Filmde Nazım Hikmet’in Şeyh Bedrettin Destanı’ndan yola çıkıyorsunuz. Öncelikle Hakikat filmini yapma hikayeniz nasıl başladı?

Senaryo Ali Şahin’e ait. Aynı zamanda filmin yapımcılarından biri. Ali’nin yazdığı senaryo, 40-50 sayfalık orta ve kısa metraja yakın ama daha da şekillenmeye açık bir çalışmaydı. Ayrıca onlar çalışmalara başlamıştı. Ben neredeyse bir yıl sonra katıldım projeye. Hatta Suavi ve Bülent Parlak ile görüşülüp roller konusunda da anlaşmaya varılmıştı. Ben zaten hem Ali’yi (Şahin) hem de yapımcı Özer Çalık’ı tanıyordum. Senaryo üzerinde çalışmaya başladık. Başta senaryo için gelinmişti bana. Epey yol aldık, değişiklikler yaptık derken filmin yönetmeni de oldum.

Hakikat filmi, Nazım Hikmet’in Şeyh Bedrettin Destanı’ndan yola çıkıyor ama birebir onun uyarlaması değil. Orada küçük bir parça, bizi birtakım sorulara götürdü. Ali’nin (Şahin) hikayesini odak aldık; biraz attık, biraz genişlettik. Örneğin kurmaca karakterler ekledik vs. derken başka bir hikayeye dönüştürdük. İki zamanlı bir film Hakikat. 1909 ve 1416’da geçiyor. Hatta Ali Şahin’in hikayesi dört zamanlıydı, epey giriftti. Ayrıca Destanın sonunda 1909’da Ahmet’in hikayesi diye bir bölüm geçer.

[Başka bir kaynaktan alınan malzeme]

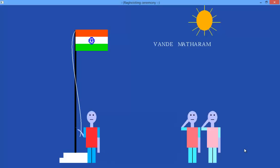Now host the Indian flag. Vande Mataram is written here, and a salute as well. Thank you for watching. Have a nice day.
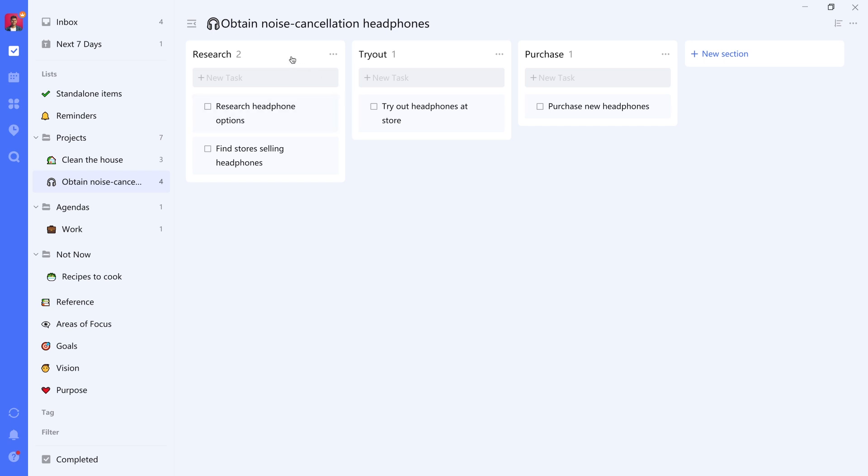And then you can use several sections here to group your items into these chronological sections. In this case, it's a research section, tryout, and purchase with tasks associated with all of them. And the idea is not to go for any of these tasks before these are complete.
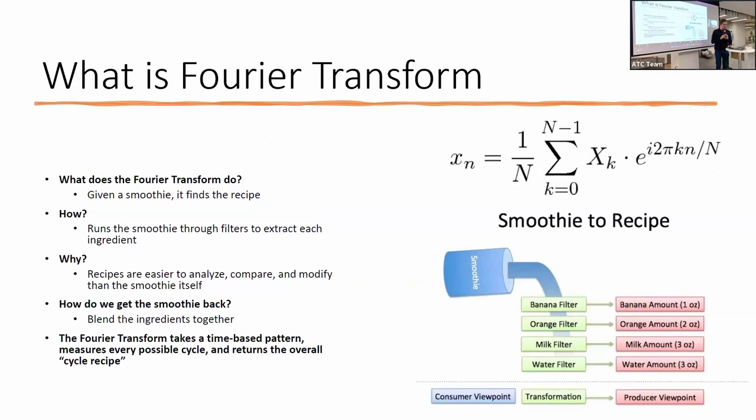If you look at the Fourier transform equation, it's not a nice equation. It's interesting math, but I'm not going to go into that. Instead, I'm going to give a very real-world example on how it works. If you have a smoothie, it finds the recipe for the smoothie.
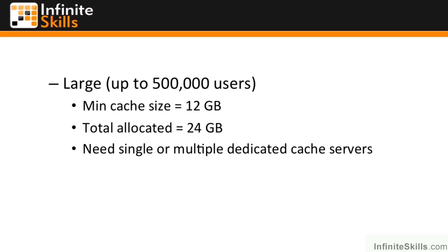Given that any SharePoint farm must have a single or more instance of a server running the distributed cache service, how much RAM do you get by default? How much does it take?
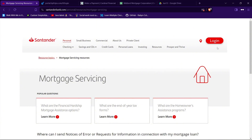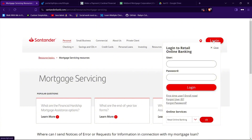Now to log in, tap on this login button. A form will appear asking for your user ID and your password. So go ahead and type your user ID in the text field given for user ID, and type your password in the text field given for password.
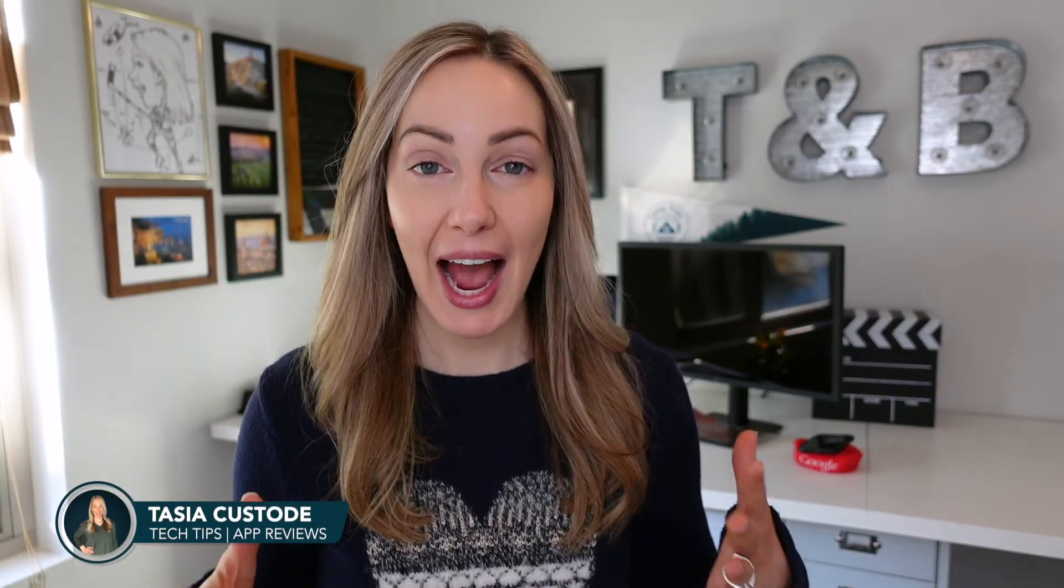Hey friends, I'm Tasia Custode and welcome back to my YouTube channel where I share tech tips, app reviews, and a concerning amount of Gmail content. Today is all about how to use Gmail offline. So, let's go.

Biz filmde Ahmet kimdir ve ne yaşadı üzerinden yeni bir hikaye de yazarak ilerlemeye çalıştık. Bunun üzerinden 1909’da geçen o gece ile 1416 arasında bir bağ kurup anlatmaya çalıştık.

Kurmaca karakter yaratıp farklı bir hikaye anlattığınızdan bahsediyorsunuz ama bir yanıyla da bir tarihi anlatısı üzerine kurulu Hakikat. Tarihi bir karakter anlatmanın ya da hikayenin riskleri var. Peki siz kurmaca ve gerçek arasında nasıl bir farklılık gözettiniz?

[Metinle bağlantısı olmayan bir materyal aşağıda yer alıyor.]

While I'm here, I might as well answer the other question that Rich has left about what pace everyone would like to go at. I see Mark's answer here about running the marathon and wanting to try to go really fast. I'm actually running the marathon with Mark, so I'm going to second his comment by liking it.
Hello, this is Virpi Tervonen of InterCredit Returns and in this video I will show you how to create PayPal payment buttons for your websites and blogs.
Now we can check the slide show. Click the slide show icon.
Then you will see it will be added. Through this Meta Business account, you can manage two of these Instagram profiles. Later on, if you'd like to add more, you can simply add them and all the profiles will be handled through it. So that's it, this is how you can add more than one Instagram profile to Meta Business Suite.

Tam da ondan kurtulmak için kurmacaya yöneldik. Çünkü filmin ihtiyaçları, tarihin ihtiyaçlarından farklıdır. Tarihi bir film yaparken dahi tamamen oraya bağlı kalmazsınız. Kaldı ki biz esinlenerek hareket ediyoruz ve yeni bir hikaye yazıyoruz. Biz çocuktuk, insanlar bir film yapıyordu ve “biz belgesel değil hikaye anlattık” demek zorunda kalıyorduk. Büyüdük, hatta olgunluk çağına geldik; hala bunu açıklamak durumunda kalıyoruz. Konuya akademik alandan bakanlar, durumu elbette kendi açılarından değerlendiriyor ve bu çok normal. Yani bir kasap bile filmde kesim sahnesi izlerken, “koyun öyle kesilmez, yanlış kesmişler” der zaten.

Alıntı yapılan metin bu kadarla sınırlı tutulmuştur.